How to complete this task: Go through the records below and write each one out again unchanged.

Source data
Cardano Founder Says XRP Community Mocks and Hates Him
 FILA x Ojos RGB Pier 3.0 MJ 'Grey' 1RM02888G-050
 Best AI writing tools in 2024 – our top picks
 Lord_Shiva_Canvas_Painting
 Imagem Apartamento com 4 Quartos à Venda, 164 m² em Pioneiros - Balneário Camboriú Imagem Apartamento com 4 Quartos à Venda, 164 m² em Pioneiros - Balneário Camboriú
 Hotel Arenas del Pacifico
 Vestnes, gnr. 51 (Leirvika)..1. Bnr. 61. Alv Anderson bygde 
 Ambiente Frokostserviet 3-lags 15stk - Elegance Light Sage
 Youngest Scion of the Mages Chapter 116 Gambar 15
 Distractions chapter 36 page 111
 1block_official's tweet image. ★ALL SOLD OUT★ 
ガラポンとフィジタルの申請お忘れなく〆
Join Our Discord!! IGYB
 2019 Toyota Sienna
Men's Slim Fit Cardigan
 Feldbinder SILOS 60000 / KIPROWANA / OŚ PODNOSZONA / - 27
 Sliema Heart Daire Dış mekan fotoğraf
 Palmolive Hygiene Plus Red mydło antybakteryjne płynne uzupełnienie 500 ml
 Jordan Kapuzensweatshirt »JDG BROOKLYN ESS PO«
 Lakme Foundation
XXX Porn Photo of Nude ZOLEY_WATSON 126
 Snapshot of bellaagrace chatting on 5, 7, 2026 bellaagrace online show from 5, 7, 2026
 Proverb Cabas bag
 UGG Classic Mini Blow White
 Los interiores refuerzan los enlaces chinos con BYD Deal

Answer space:
Cardano Founder Says XRP Community Mocks and Hates Him
 FILA x Ojos RGB Pier 3.0 MJ 'Grey' 1RM02888G-050
 Best AI writing tools in 2024 – our top picks
 Lord_Shiva_Canvas_Painting
 Imagem Apartamento com 4 Quartos à Venda, 164 m² em Pioneiros - Balneário Camboriú Imagem Apartamento com 4 Quartos à Venda, 164 m² em Pioneiros - Balneário Camboriú
 Hotel Arenas del Pacifico
 Vestnes, gnr. 51 (Leirvika)..1. Bnr. 61. Alv Anderson bygde 
 Ambiente Frokostserviet 3-lags 15stk - Elegance Light Sage
 Youngest Scion of the Mages Chapter 116 Gambar 15
 Distractions chapter 36 page 111
 1block_official's tweet image. ★ALL SOLD OUT★ 
ガラポンとフィジタルの申請お忘れなく〆
Join Our Discord!! IGYB
 2019 Toyota Sienna
Men's Slim Fit Cardigan
 Feldbinder SILOS 60000 / KIPROWANA / OŚ PODNOSZONA / - 27
 Sliema Heart Daire Dış mekan fotoğraf
 Palmolive Hygiene Plus Red mydło antybakteryjne płynne uzupełnienie 500 ml
 Jordan Kapuzensweatshirt »JDG BROOKLYN ESS PO«
 Lakme Foundation
XXX Porn Photo of Nude ZOLEY_WATSON 126
 Snapshot of bellaagrace chatting on 5, 7, 2026 bellaagrace online show from 5, 7, 2026
 Proverb Cabas bag
 UGG Classic Mini Blow White
 Los interiores refuerzan los enlaces chinos con BYD Deal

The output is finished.